W5 Flashcards
(38 cards)
Regression Assumptions – Importance
We need to follow certain assumptions in regression to make valid conclusions. Violating them can lead to misleading or biased results.
Why assumptions matter
If you break assumptions: (a) You risk biased estimates that reduce the credibility of your results. (b) You might draw flawed conclusions from your tests.
How to deal with assumptions
2 steps: (a) Diagnostics: Use tools and tests to check if assumptions hold. (b) Solutions: If assumptions are violated, use techniques to fix or minimize the issue.
Assumption 1: Linear relationships
We assume a linear relationship between independent and dependent variables. That means: when plotted, the data should form a straight line.
What happens if it’s not linear?
If the relationship is curved (like a U-shape or step-like), your regression will be off. That means your results and conclusions could be wrong.
Spotting non-linearity
Use a residual plot (predicted values vs. residuals). If the residuals form a straight line = all good. If there’s a curve or weird pattern = not linear.
Real-world examples of non-linearity
Quadratic patterns, - Step relationships (e.g. from dummy variables), - Sudden jumps or gaps in the trend line, All of these violate the linearity assumption.
What to do if it’s not linear?
You can transform the variables! Example: use a log transformation (like taking the natural log of the variable) to straighten the pattern.
Regression Assumptions – Overview
Regression assumptions are needed to make sure your conclusions are accurate. If violated, they can lead to biased estimates and wrong significance tests. We use diagnostics and solutions to check and improve robustness.
Assumption 1: Linear Relationships
Assumes a straight-line relationship between independent and dependent variables. The regression line should cut through the scatter in a straight path.
Diagnosing Linearity
Plot the residuals (errors) vs. fitted values. If you see a straight horizontal line, it’s linear. If there’s a curve or pattern, it’s not.
Fixing Non-Linearity
You can use transformations like a log or quadratic transformation to straighten the relationship and reduce bias.
Assumption 2: Normally Distributed Errors
In regression, we assume that the residuals (errors) are normally distributed with a mean of 0 and constant variance. Violations can make significance tests unreliable.
Diagnosing Normality
Use histograms or Q-Q plots of the residuals. If they form a bell shape or line up well with the normal line, you’re good.
Fixing Normality Issues
You can transform the variables (like taking the log) or split the data into groups using dummy variables.
Assumption 3: Independence of Error Terms
Each error should be independent. This means one person’s error shouldn’t be related to someone else’s.
When Independence is Violated
Happens with clusters or repeated surveys. Use time plots or residual plots by group to detect patterns.
Assumption 4: Homoscedasticity
The variance of residuals should be consistent across all levels of predictors. If the variance spreads out or narrows in a pattern, that’s a problem.
Diagnosing Homoscedasticity
Use residual vs. fitted plots or scale-location plots.

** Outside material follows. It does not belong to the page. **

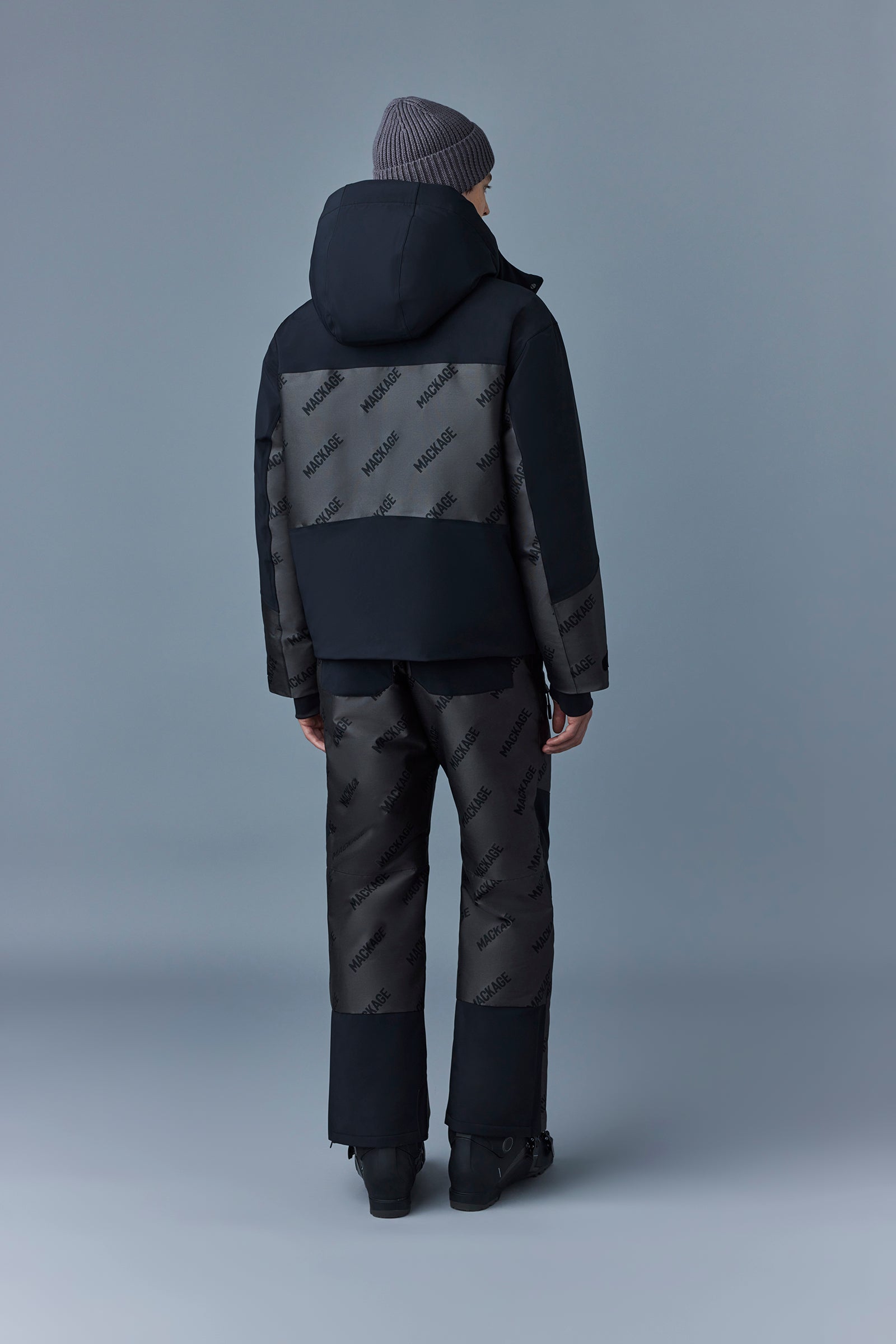 Louis Vuitton 2054 Monogram Windbreaker Jacket Virgil Zip in Black, Men's (Size XL)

A fan or cone shape means heteroscedasticity (bad).
Assumption 5: No Multicollinearity
Independent variables shouldn’t be too highly correlated. If they are, the model can’t tell which variable causes what.

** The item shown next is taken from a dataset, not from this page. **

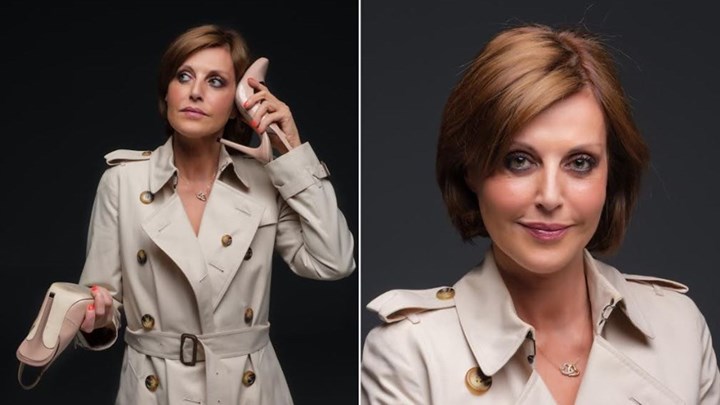 Η Παλαιολόγου στα πρώτα κλικ για την κωμωδία “Το υπέροχό μου διαζύγιο” που έρχεται στο Χυτήριο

Diagnosing Multicollinearity
Check the correlation matrix of predictors. Watch out if values are near +1 or -1. This suggests high multicollinearity.
Fixing Multicollinearity
Drop one variable, combine them, or test if it really matters (does it change conclusions?). You can also use regularisation methods in more advanced courses.
Why use standardisation in regression?
To compare variables that use different scales (e.g. 1–10 vs. 1–6) by converting them to standard deviations.
How do you standardise a variable?
Use: Xstd = (X − mean) / standard deviation. This rescales the variable to have mean 0 and SD 1.